The graph of \(f\) is symmetric about the \(y\)-axis, so by the symmetry principle, \(\bar{x}=0.\)

\(f\) is an even function, so \(\displaystyle \int_{-2}^{2}f(x) ~{\it dx}=2\displaystyle \int_{0}^{2}f(x) ~{\it dx}\).
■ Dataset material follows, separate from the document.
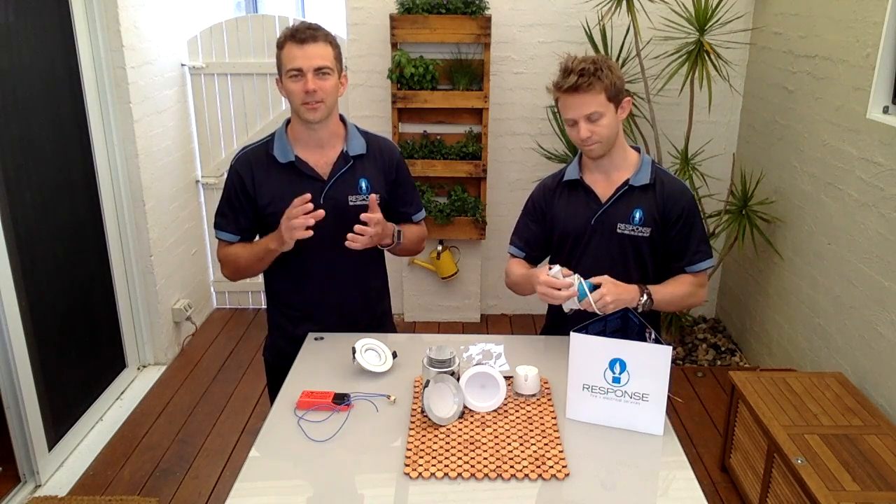We're happy to come out and give you a demonstration of these light fittings and a free quotation. Just fill in the form next to this video and we'll be in contact with you.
The area \(A\) of the region is \begin{equation*} A=2\displaystyle \int_{0}^{2}( x^{2}+1) ~{\it dx}=2\left[ \dfrac{x^{3}}{3} +x \right] _{0}^{2}=2\left( \dfrac{8}{3}+2\right) =\dfrac{28}{3}\ \end{equation*} Using (2), we get \begin{eqnarray*} \bar{y} &=&\dfrac{1}{2A}\displaystyle \int_{a}^{b}[ f(x) ] ^{2}\,{\it dx}=\dfrac{1}{2A}\displaystyle \int_{-2}^{2}[f(x)] ^{2}\,{\it dx}=\dfrac{1}{2A} \cdot 2\displaystyle \int_{0}^{2}[f(x)] ^{2}\,{\it dx}\\[5pt] &=&\dfrac{3}{28}\displaystyle \int_{0}^{2}( x^{2}+1) ^{2}\,{\it dx}=\dfrac{3}{28}\displaystyle \int_{0}^{2}( x^{4}+2x^{2}+1) ~{\it dx} \\[5pt] &=&\dfrac{3}{28}\left[ \dfrac{x^{5}}{5}+\dfrac{2x^{3}}{3}+x\right] _{0}^{2}= \dfrac{3}{28}\left( \dfrac{32}{5}+\dfrac{16}{3}+2\right) =\dfrac{103}{70} \approx 1.471 \end{eqnarray*}

The centroid of the lamina, as shown in Figure 73(b), is \(( \bar{x},\bar{y}) =\left( 0, \dfrac{103}{70}\right) .\)